* Material provided:
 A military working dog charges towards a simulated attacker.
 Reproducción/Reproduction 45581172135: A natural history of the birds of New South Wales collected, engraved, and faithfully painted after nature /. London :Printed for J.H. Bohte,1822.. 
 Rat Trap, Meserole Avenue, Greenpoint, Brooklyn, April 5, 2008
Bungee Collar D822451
==
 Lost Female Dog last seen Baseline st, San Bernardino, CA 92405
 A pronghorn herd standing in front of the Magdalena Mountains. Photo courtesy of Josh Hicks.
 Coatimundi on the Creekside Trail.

* Work to be completed:
Working from the material above, restate word for word the lines between the line with "A military working" and the line with "Bungee Collar D822451", both included, and only those.

* Task output:
 A military working dog charges towards a simulated attacker.
 Reproducción/Reproduction 45581172135: A natural history of the birds of New South Wales collected, engraved, and faithfully painted after nature /. London :Printed for J.H. Bohte,1822.. 
 Rat Trap, Meserole Avenue, Greenpoint, Brooklyn, April 5, 2008
Bungee Collar D822451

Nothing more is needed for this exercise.